Segment Start: Study material

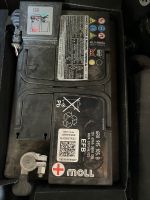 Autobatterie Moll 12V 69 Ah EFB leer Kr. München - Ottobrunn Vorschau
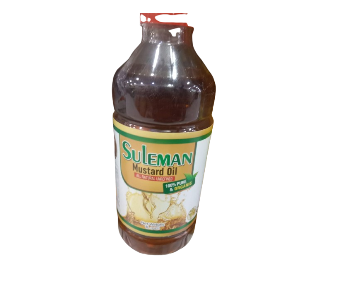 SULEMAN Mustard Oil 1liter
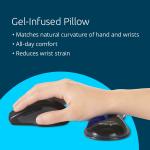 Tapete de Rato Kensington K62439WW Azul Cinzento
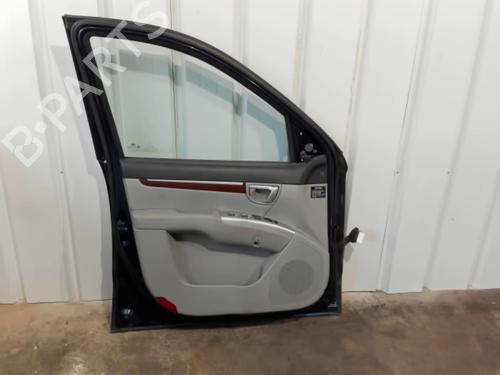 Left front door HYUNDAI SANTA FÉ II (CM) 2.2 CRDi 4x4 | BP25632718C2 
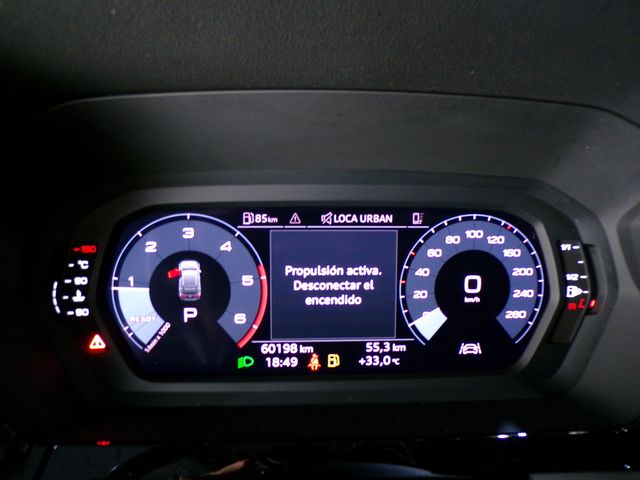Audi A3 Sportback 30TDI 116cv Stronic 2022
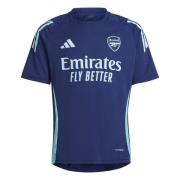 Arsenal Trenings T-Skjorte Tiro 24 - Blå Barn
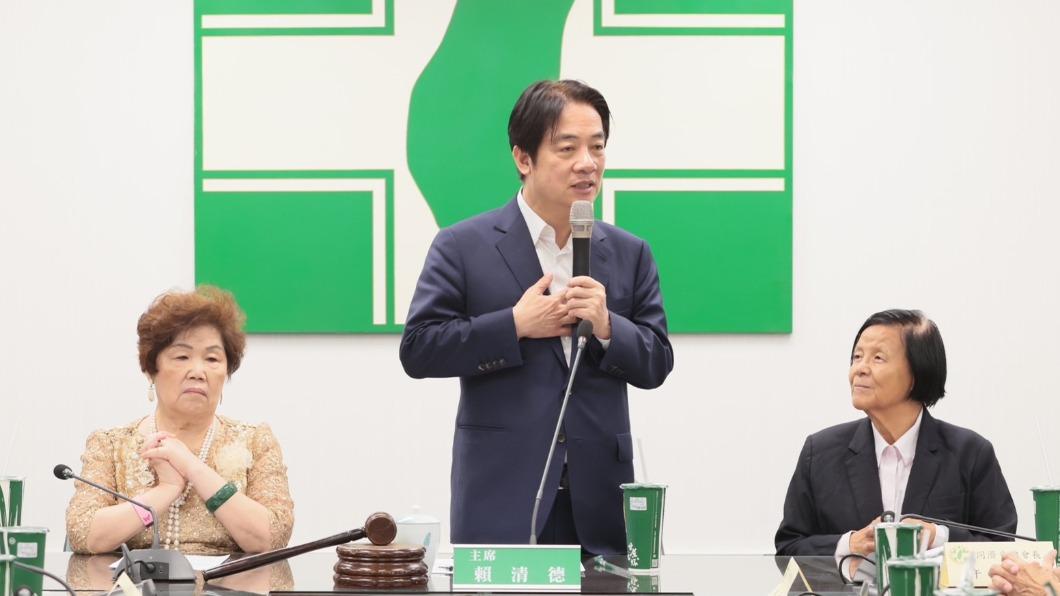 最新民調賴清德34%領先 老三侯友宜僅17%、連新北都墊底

Segment End: Study material
Segment Start: Study material

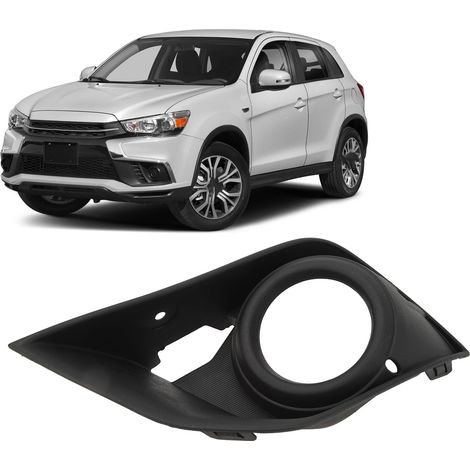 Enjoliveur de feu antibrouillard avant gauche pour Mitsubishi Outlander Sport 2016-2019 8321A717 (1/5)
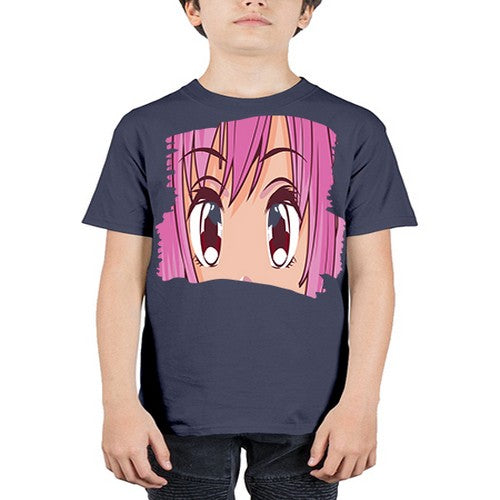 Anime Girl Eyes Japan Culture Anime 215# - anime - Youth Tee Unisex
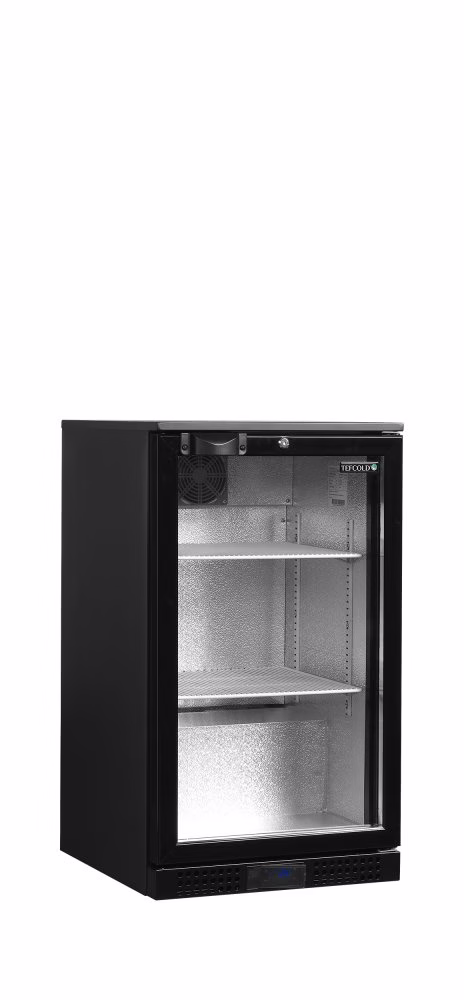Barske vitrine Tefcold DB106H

Segment End: Study material
Segment Start: Study material

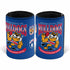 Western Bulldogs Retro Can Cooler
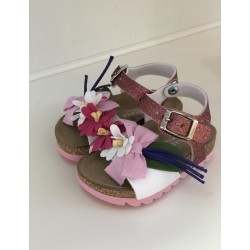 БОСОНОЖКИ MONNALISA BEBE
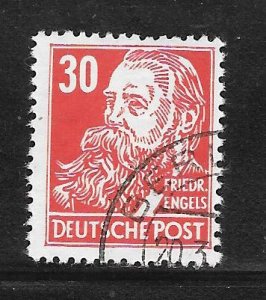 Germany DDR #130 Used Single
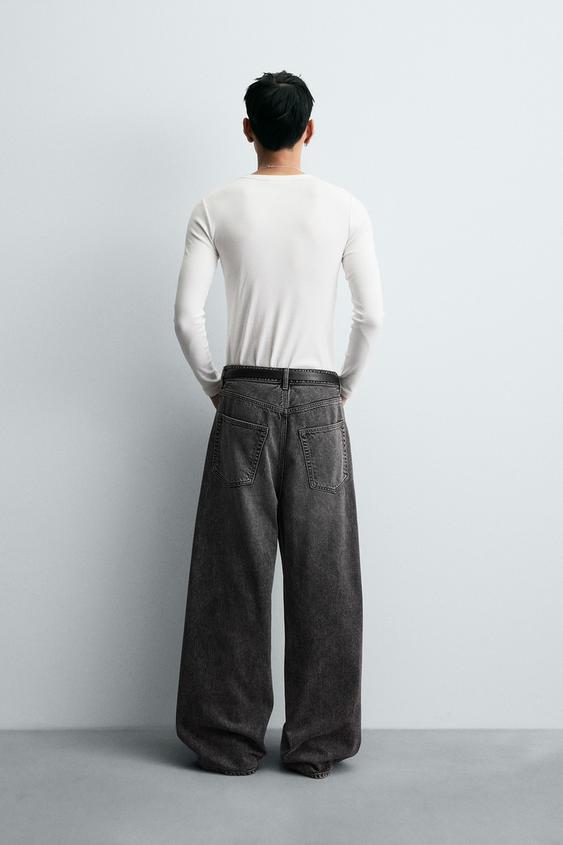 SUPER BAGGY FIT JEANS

Segment End: Study material

▸ Directions for this task
In the entries above, find the line with "БОСОНОЖКИ MONNALISA BEBE" and the line with "SUPER BAGGY FIT JEANS". Return exactly those lines and all the ones between them, pictures excluded.

▸ Completed exercise
 БОСОНОЖКИ MONNALISA BEBE
 Germany DDR #130 Used Single
 SUPER BAGGY FIT JEANS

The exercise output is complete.